Wednesday, 30 December 2015

Congratulations, Microsoft, you finally made an unusable operating system

All you Linux-lovers out there are probably sniggering at this and saying that Microsoft have been producing unusable operating systems for years. But people who have a slavish love for Linux and the open-source movement (99% of which boils down to "I don't want to pay for my operating system and resent paying for anything when an alternative version is available for free, even if it's a bit shitty") simply hate Microsoft for being Microsoft.

It sort of makes sense. After all, I have a deep-rooted hatred of all things Apple. It's not quite as sentimental as the hatred a lot of open-source evangelists have for Microsoft - it's based on a belief that Apple have genuinely influenced the entire industry enough to take it backwards. Power PCs of today can barely browse websites similar to the ones we were building at the turn of the century that could run easily on 200Mhz single-core computers. But that's another argument.

This is about Microsoft.
For years - decades even - I've been a fan.
Sure their core products - Windows and Office - became unnecessarily bloated and the licence restrictions were - at times - painful (although I don't know anyone who hasn't successfully "borrowed" a works copy of Office and got it running on their home computer). But they always produced software that allowed you to get the job done easily (ok, Windows ME doesn't count, and Windows Vista was a car-crash, but if you followed the Windows upgrade rule - ever other version is shit, avoid - you were good!)

Despite all the ribbing that we give to Steve, I still think that Windows XP remains, to date, the best version of Windows. It's fast and requires just a modest computer to run. Plug-n-play works well and things "just work".

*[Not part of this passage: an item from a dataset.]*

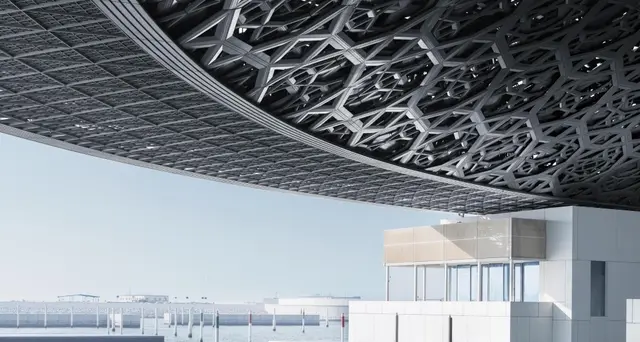 Dopo 10 anni di lavori apre il Louvre di Abu Dhabi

Of course, Linux users will argue that this has never been the case. But then again, if you're a dedicated Linux user, you really are in no position to criticise Windows for failing to automagically recognise and install hardware drivers. If you're installing anything even as simple as an HP LaserJet on Linux, you'll need to give yourself a good four hours and plenty of time to get your Google-fu up to speed to find out exactly which version of which driver works for your specific installation of Linux! But that's another argument.

This about Microsoft.
And the sad fact is, Windows 10 is downright unusable.
Upgrading to Windows 7 from XP was a jolt (did anyone go XP to Vista and not immediately reverse their decision?). But Windows 7 was actually a decent operating system. It was just Windows XP but with a few things in a few different places. Oh, and an annoying driver-management system - but we all just turned that off anyway didn't we?

Compared to XP, Windows 8 was a bit of a stinker.
But that's only because it looked and felt so different.
If you accepted that your start-bar was now a massive, sideways scrolling, full-screen affair, and the font was larger for a lot of messages, it wasn't actually that much different to Windows 7. For a few legacy apps, you might have to "run as administrator" but there wasn't an awful lot you couldn't do with Windows 8 that you could with Windows XP.

But Windows 10?
Windows 10 is a steaming pile of dog crap.
In all my years of using Microsoft products - from the original Windows in monochrome back in about 1992, through Windows 3.11, resisting - then finally embracing - the massive change that was Windows 95, through 98 and the mistake that was ME, to XP, I've never ever upgraded and then "gone back".

Even XP to Windows 7 had me tempted, but I gave seven a go and learned to love it. I fully embraced Windows 8 when everyone around me was "upgrading" back to Windows 7. I've never - yet - reverted back to an earlier version of Windows.

That doesn't mean the familiar ding-dong-dingle-dong of my old XP-based CNC machine doesn't fill me with warm nostalgia - I still love the old operating systems. I've just uninstalled a newer version of Windows to "go backwards".

Except now.
For Xmas I got a NAS and after backing up all my important stuff, it's time to say goodbye and good riddance to Windows 10. I'm wiping my laptop and restoring it to it's factory settings, complete with Windows 8. Everything just worked so much faster. And stuff didn't lock up as often. And my internet connection wasn't slowed down, as shit like this downloaded in the background

Seriously, Microsoft, live content cluttering up the place where I usually look for shortcuts and apps? Did you learn nothing from "active desktop" back in 1999?

The standard OS dialogues weren't blurry and out of focus, because it incorrectly recognises my touch-screen PC as a tablet device and rescales everything to 101%.

It booted up quicker (although even the totally awesome XP was pretty slow at booting up after a few months of use and Windows-update-rot had set in - the newest version is almost a parody of itself, it takes so long to boot up). It went into sleep mode and didn't require a full power-cycle to come out of snooze. You could choose whether updating was convenient or postpone/cancel it.

And I've never - in over 25 years of using Windows - lost files and/or documents as the result of a Windows upgrade. Except last week. When Windows 10 notified me that it had failed to update and promptly deleted everything I'd saved on the desktop (I save lot of work-in-progress on the desktop when I'm not yet done with it).

So goodbye Windows 10.
I really want to say "and f@*k off and don't ever darken my door again". But that means I'd have to either learn to use a Mac, or get friendly with Linux. And neither of those is particularly appealing either.

So my big gesture, to an over-bloated, arrogant, out-of-touch multi-national conglomerate like Microsoft is to throw away a product I never actually had to pay for, and install one I did. Nice one, Microsoft. You make shit software. Well at least I'm off your upgrade-cycle now. Just like XP, I'll stick with the old versions for as long as I can get away with it.

Then, there's a very real possibility that my next OS won't be Windows at all.